ROBERT SEYMOUR
From an Unpublished Drawing by
TAYLOR
Lent by Mr. Augustin Daly.
ROBERT SEYMOUR
Early Years—A Taste for High Art—Drawings on Wood for Figaro and Bell's Life in London—Essays the Art of Etching—Designs for "Maxims and Hints for an Angler"—Proposes to Publish a Book of Humorous Sporting Subjects—A "Club of Cockney Sportsmen"—Charles Whitehead and Charles Dickens—The Inception of "The Pickwick Papers"—Seymour's Illustrations—The Artist Succumbs to Overwork—Suicide of Seymour—Dickens's Tribute—Seymour's Last Drawing for "Pickwick"—"The Dying Clown"—His Original Designs—Seymour's Conception of Mr. Pickwick—Letter from Dickens to the Artist—"First Ideas" and Unused Sketches—A Valuable Collection—Scarcity of Seymour's "Pickwick" Plates—Design for the Wrapper of the Monthly Parts—Mrs. Seymour's Account of the Origin of "The Pickwick Papers"—An Absurd Claim Refuted—"The Library of Fiction"—Seymour's Illustrations for "The Tuggses at Ramsgate."
Concerning the artist who was primarily engaged in the illustration of "Pickwick," very little has been recorded, owing perhaps to the fact that his career, which terminated so tragically and so prematurely, was brief and uneventful. The following particulars of his life and labours, culled from various sources, will, I trust, enable the reader to appreciate Robert Seymour's true position respecting his connection with Charles Dickens's immortal work.
Born "in or near London" in 1798, Robert Seymour indicated at a very early age a decided taste for drawing, whereupon his father, Henry Seymour, a Somerset gentleman, apprenticed him to a skilful pattern-draughtsman named Vaughan, of Duke Street, Smithfield.[7] Although this occupation was most uncongenial to young Seymour, it caused him to adopt a neat style of drawing which ultimately proved of much utility. He aspired to a higher branch of Art than that involved in the delineation of patterns for calico-printers; but for a time he remained with Vaughan, pleasantly varying the monotony of his daily routine by producing miniature portraits of friends who consented to sit to him, receiving in return a modest though welcome remuneration. Still cherishing an inclination towards "High Art," he and a colleague named Work (significant patronymic!) deserted Vaughan, and, renting a room at the top of the old tower at Canonbury, they purchased a number of plaster-casts, lay-figures, &c., from which the two juvenile enthusiasts began to study with great assiduity. In Seymour's case tangible results were speedily forthcoming, for he presently painted a picture of unusually large dimensions, quaintly described by his fellow-student as containing representations of "the Giant of the Brocken, the Skeleton Hunt, the Casting of Bullets, and a full meal of all the German horrors eagerly swallowed by the public of that day." This remarkable canvas was, it seems, a really creditable work, and found a place on the walls of a gallery in Baker Street Baazar.
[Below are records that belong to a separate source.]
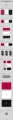 MO_COMPLETE2.webp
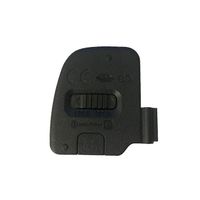 New Battery Door Cover Lid Cap Case Repair For Sony A6000 ILCE-6000 Camera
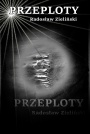 PRZEPLOTY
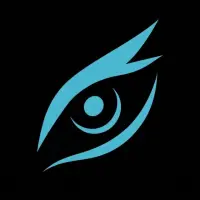 Rayline Logo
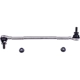 Purchase Top-Quality Sway Bar Link Or Kit by DORMAN (OE SOLUTIONS) - 541-797 pa1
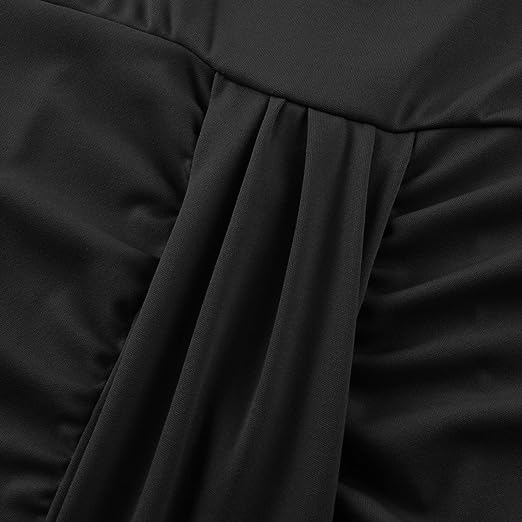 Echoarchiv | Dressino Mode Kleid mit Blumendruck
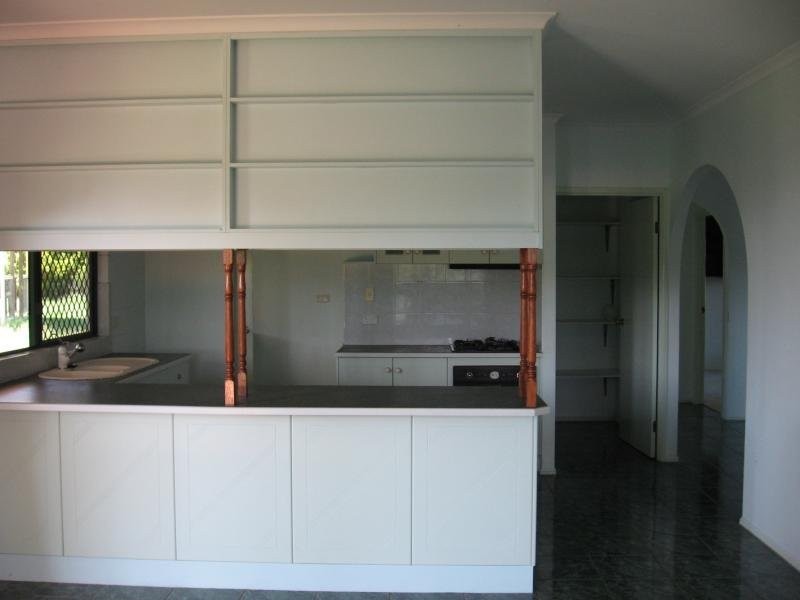 11 Venus Battery Close, Edmonton QLD 4869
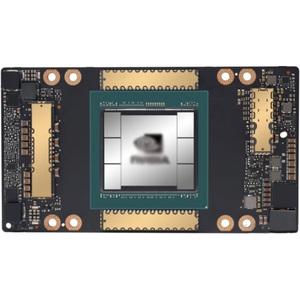 ราคาโรงงาน Tesla a 100 80GB SXM4 HPC โมดูล GPU สำหรับเวิร์กสเตชันฝึกอบรม หน่วยความจำความกว้างแบนด์วิดท์สูง ระบายความร้อนด้วยพัดลม - Product Image 3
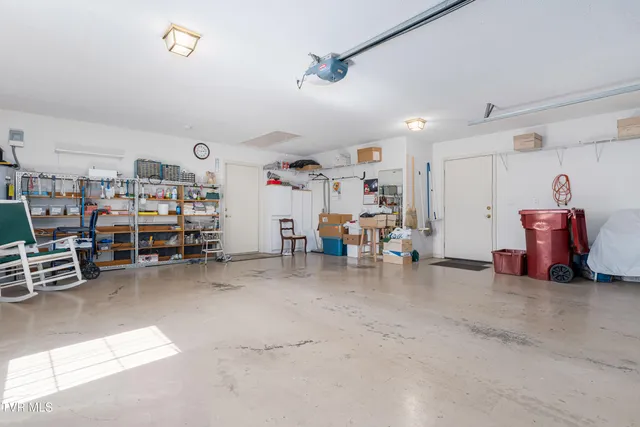 $359,000 | 1032 Estate Drive, Unit 1, Johnson City, TN 37604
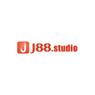 J88 Studio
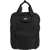 Caterpillar Alabama Backpack Black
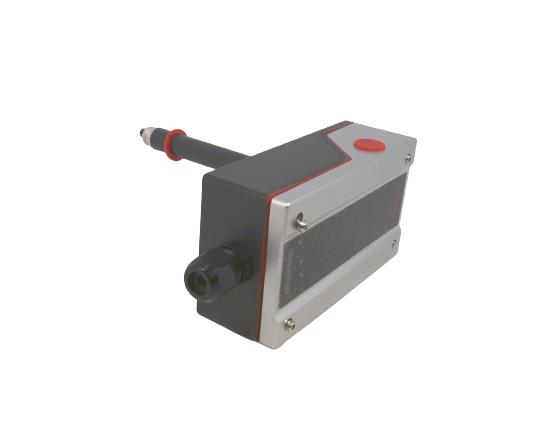 ROTRONIC HF520-DB6XX2XX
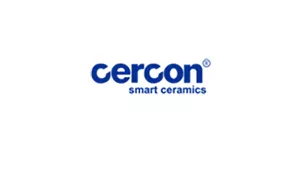 cercon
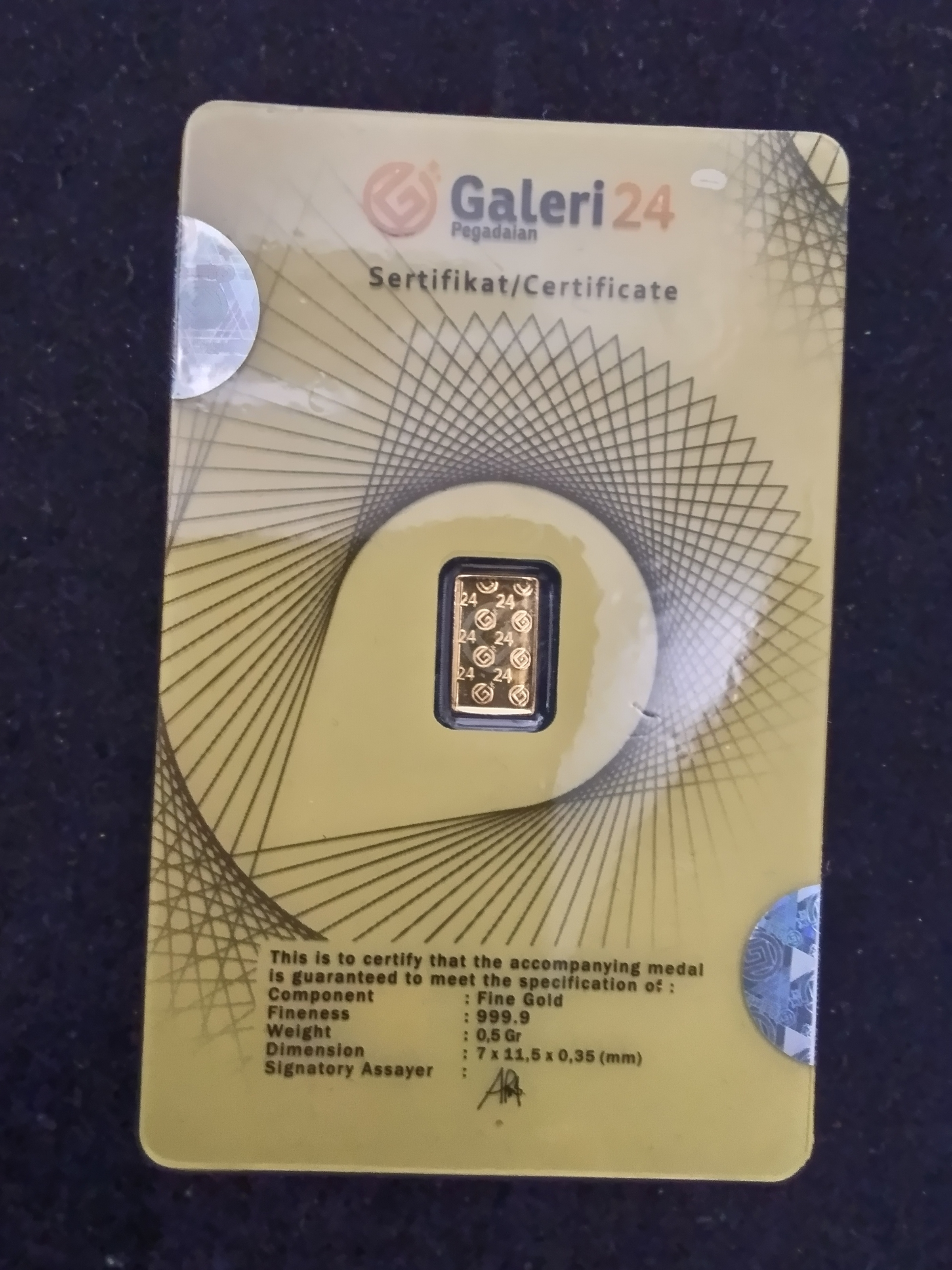 GALERI24 GALERI 24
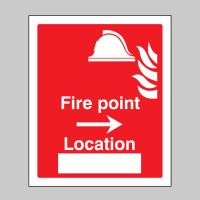 Fire Point Arrow Right Location - TESTTTTT!!!!! Fire Point Arrow Right Location - TESTTTTT!!!!!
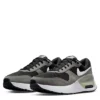 Nike Mens Air Max Systm Sneaker - Grey -Cheap Nike || Skechers || heydude Store US 01 601006 00
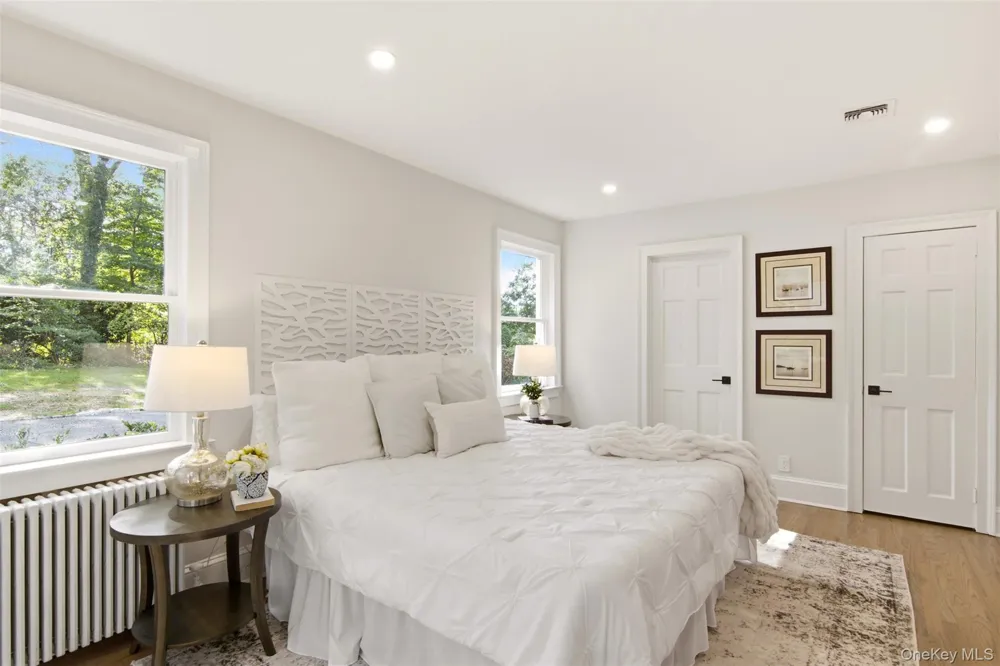 34 Old Field Road Setauket, NY 11733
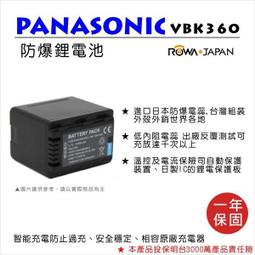 怪機絲 Panasonic HC-X20 4K 60p 專業攝影機 20倍變焦鏡頭 攝錄影全高清直播 歷史價格詳細信息
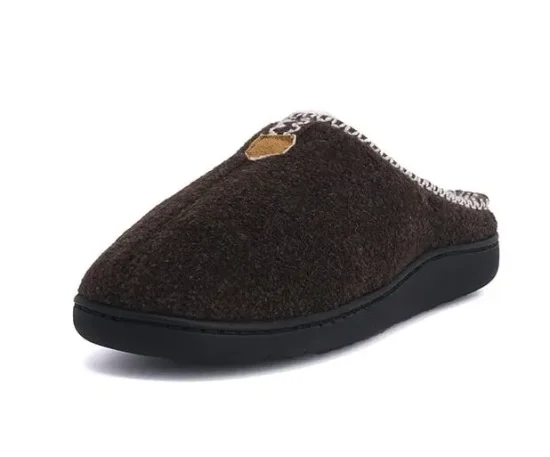 ZAPATO DESCANSO MUJER PASSER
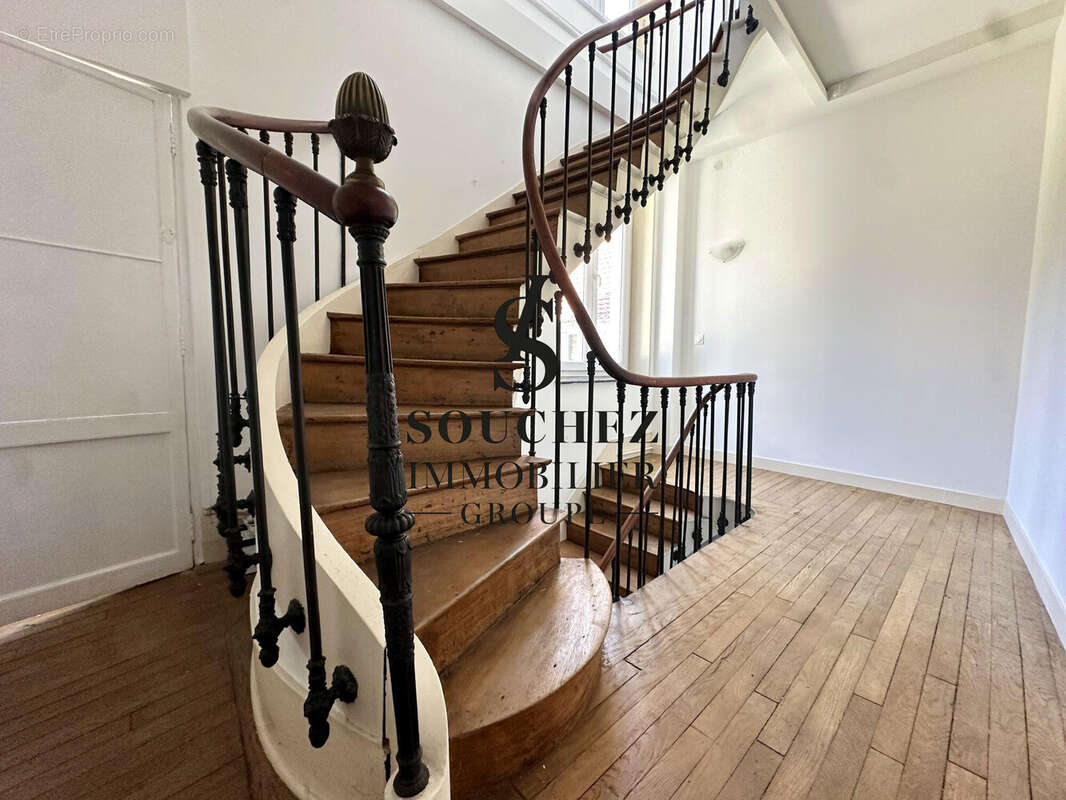 Appartement à ARRAS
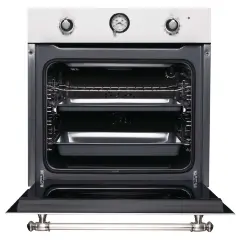Электрический духовой шкаф OKB 461 CRSI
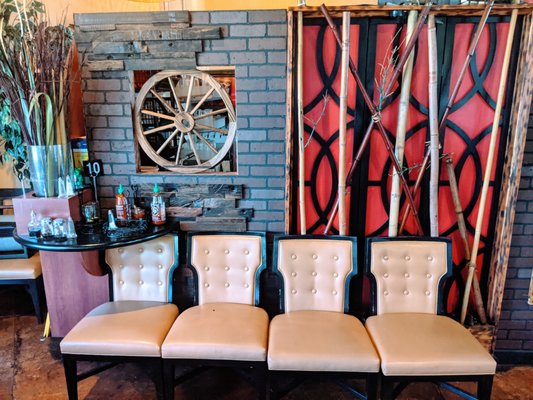 Heavenly Pho Vietnamese Cuisine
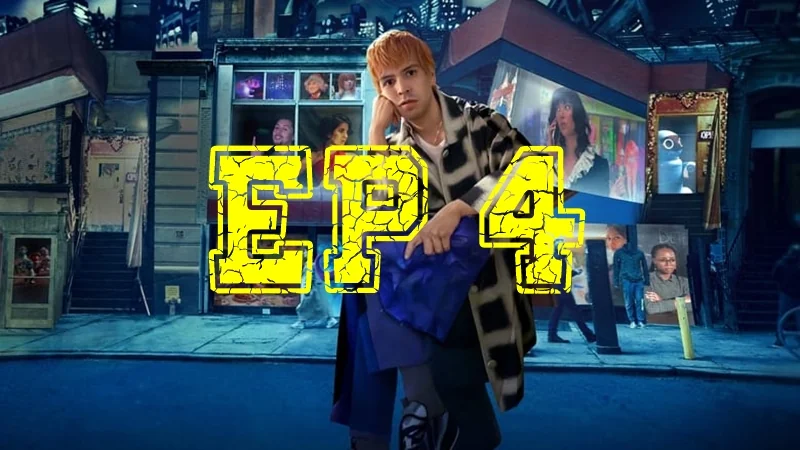 EP 4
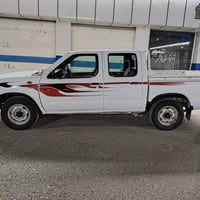 نيسان • ٢٠٠٩ • السليمانية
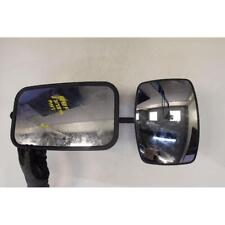 Retrovisore est. per usato Retrovisore est. per usato  Bedizzole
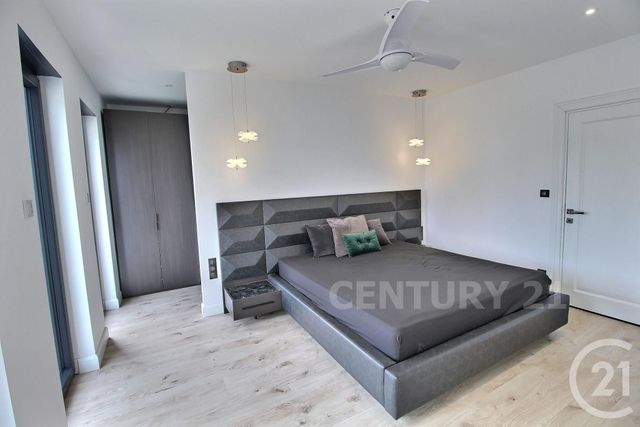 maison à vendre - 6 pièces - 150.0 m2 - ST AVOLD - 57 - LORRAINE - Century 21 Rond Point De L'Europe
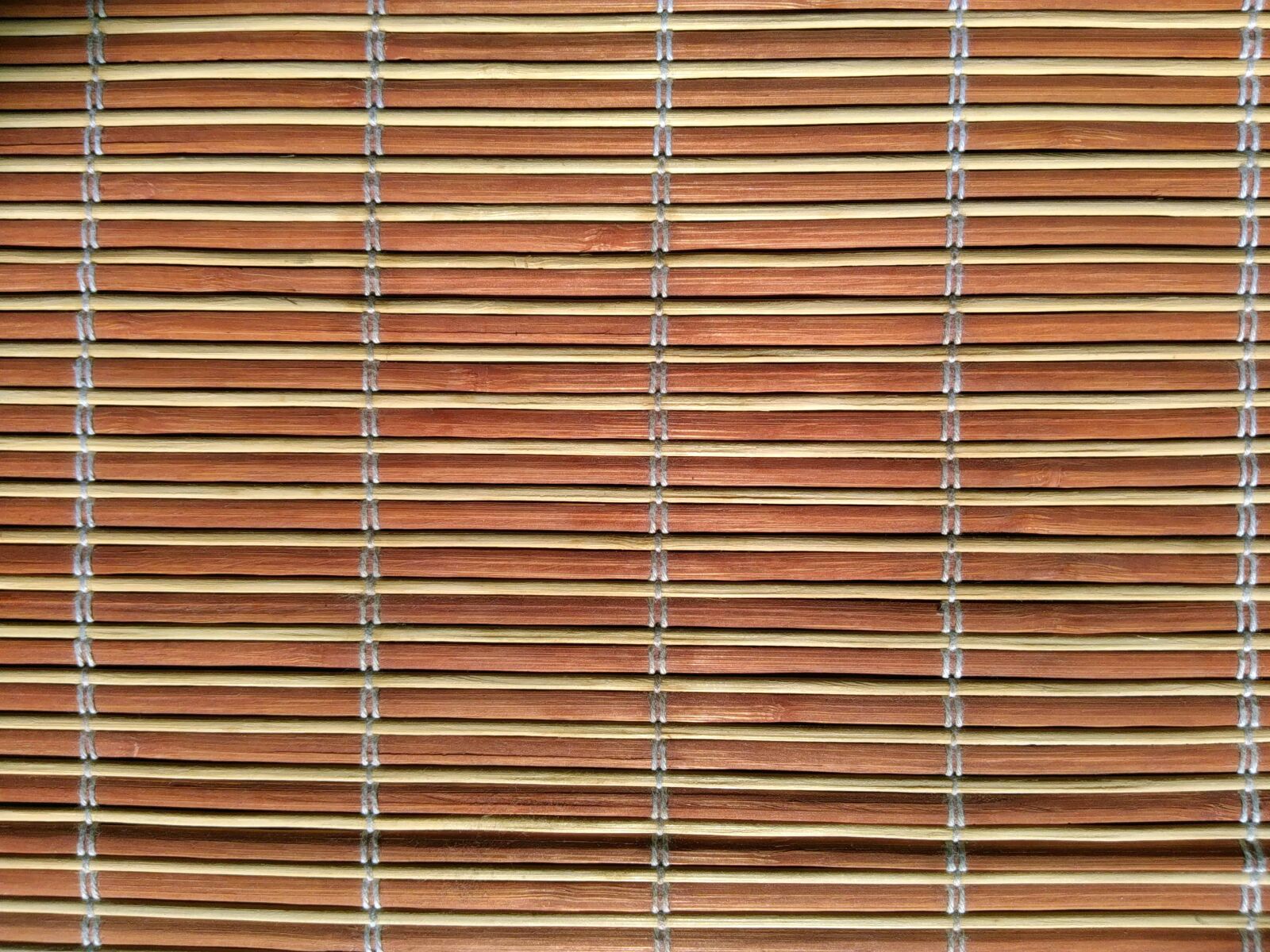 Lenovo S60-A sample photo. Bamboo, design, abstract, pattern photography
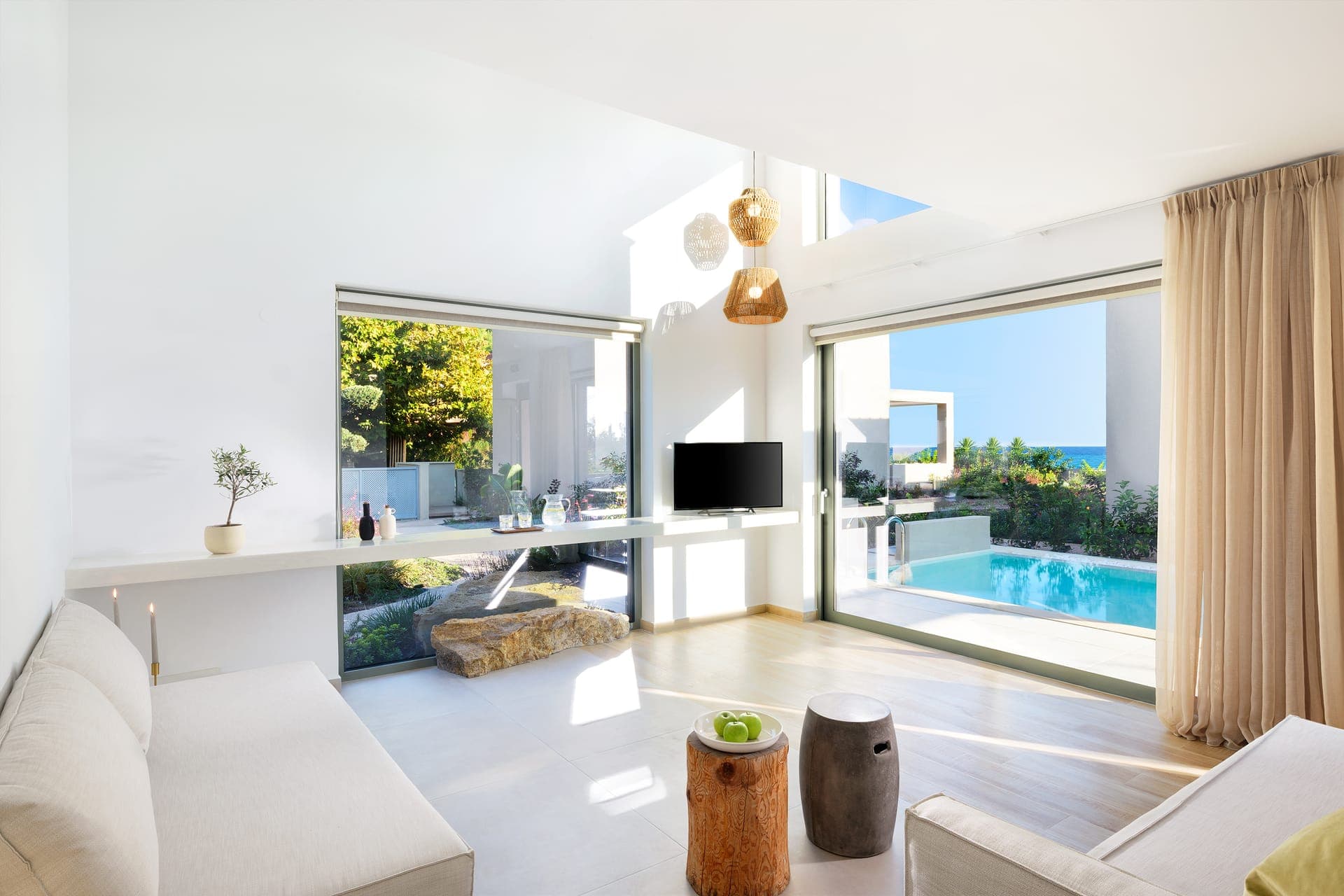 room-types-CAVODELEA-VSSVPP-0.jpg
Seymour, like many other ambitious young artists possessing more talent than pence, quickly realised the sad fact that, though the pursuit was in itself a very agreeable one, it meant penury to the painter unless he owned a private fortune or commanded the purse-strings of rich patrons. The artist's widow afterwards declared that he invariably sold his pictures direct from the easel; but there is no doubt that with him "High Art" proved a financial failure, and he reluctantly turned his attention to the more lucrative (if less attractive) occupation of designing on wood, for which he was peculiarly fitted by his previous practice in clean, precise draughtsmanship during that probationary period in Vaughan's workshop.
Seymour was endowed by Nature with a keen sense of the ludicrous, and this, aided by a knowledge of drawing, enabled him to execute designs of so humorous a character that his productions were immediately welcomed by the proprietors of such publications as Figaro and Bell's Life in London, to which were thus given a vitality and a popularity they did not previously possess. Although at first the recompense was but scanty, hardly sufficient, indeed, to procure the necessaries of life, yet Robert Seymour felt it was the beginning of what might eventually resolve itself into a fairly remunerative vocation. His talent speedily brought him profitable commissions for more serious publications, while his pencil was simultaneously employed in sketching and drawing amusing incidents, especially such as related to fishing and shooting,—forms of sport which constituted his favourite recreation. Living at this time in the then rural suburb of Islington, he had many opportunities of observing the methods of Cockney sportsmen, who were wont to wander thither on Sundays and holidays, and whose inexperience with rod and gun gave rise to many absurdities and comic fiascos, thus affording the young artist abundant material for humorous designs.